> **Data shown**

-.-.-

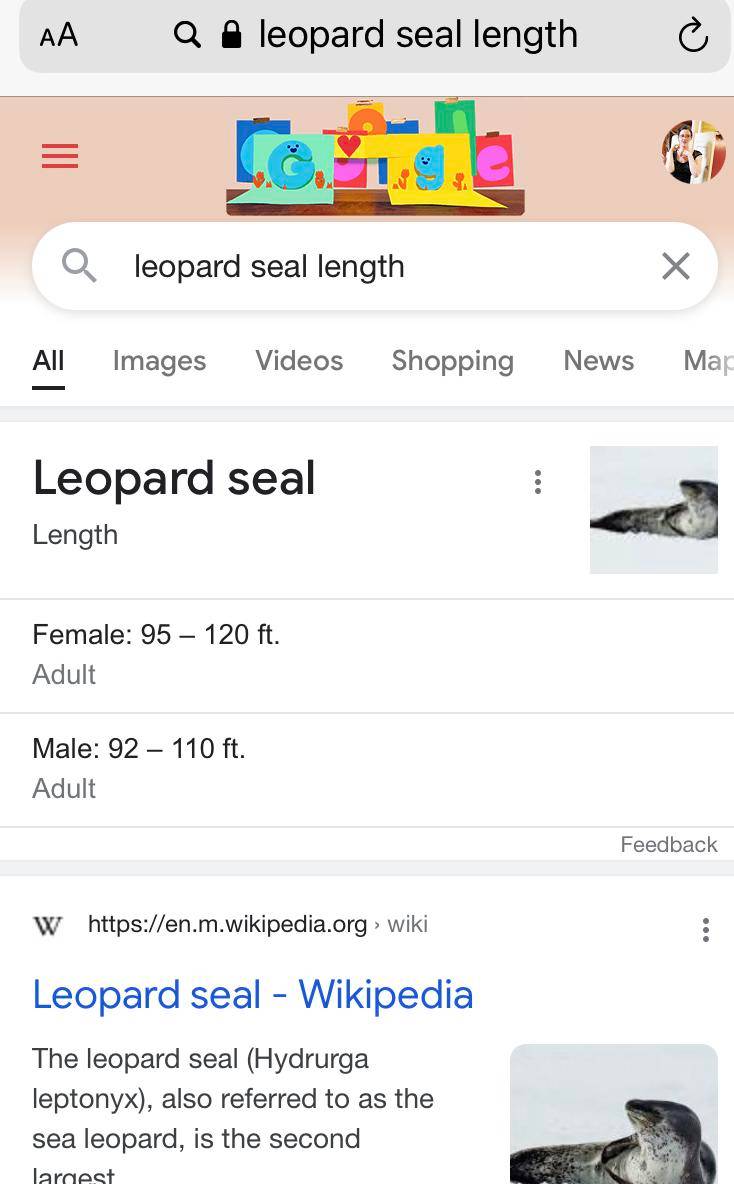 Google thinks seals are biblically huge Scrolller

-.-.-

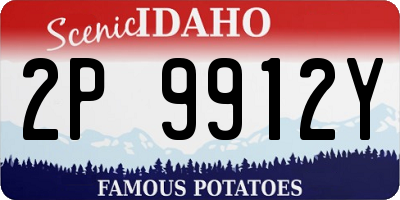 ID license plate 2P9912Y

-.-.-

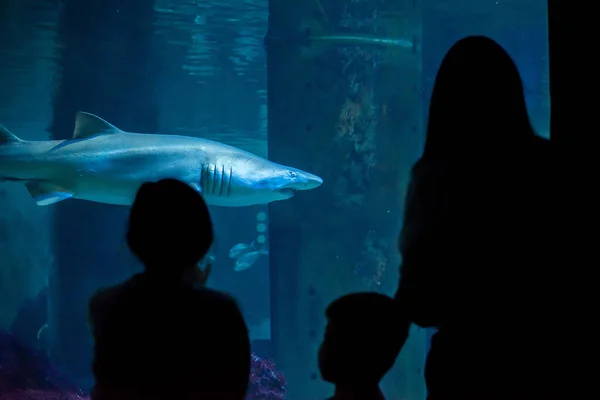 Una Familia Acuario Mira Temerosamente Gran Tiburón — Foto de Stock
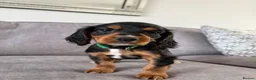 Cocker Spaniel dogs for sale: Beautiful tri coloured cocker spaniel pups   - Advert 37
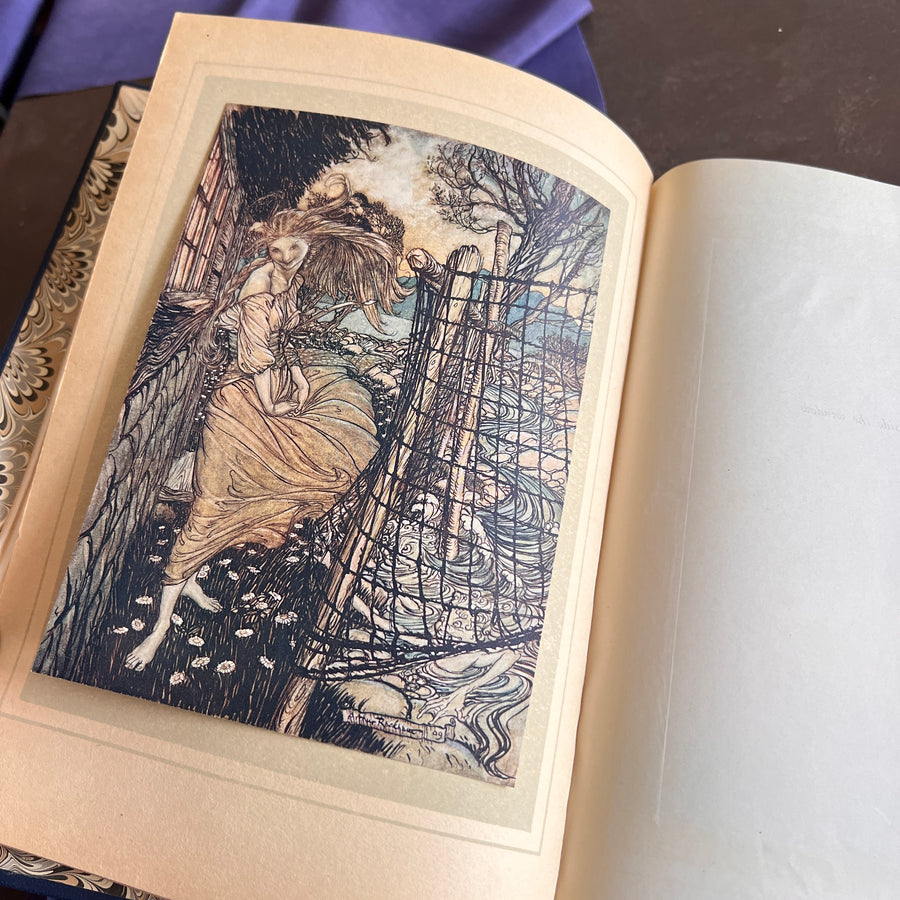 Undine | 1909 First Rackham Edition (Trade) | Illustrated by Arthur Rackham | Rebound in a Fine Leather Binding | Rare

-.-.-

> **Directions**
"Una Familia Acuario" marks the first line to copy, and "Undine | 1909" marks the last. Repeat that stretch above exactly, with no pictures.

> **Response**
 Una Familia Acuario Mira Temerosamente Gran Tiburón — Foto de Stock
 Cocker Spaniel dogs for sale: Beautiful tri coloured cocker spaniel pups   - Advert 37
 Undine | 1909 First Rackham Edition (Trade) | Illustrated by Arthur Rackham | Rebound in a Fine Leather Binding | Rare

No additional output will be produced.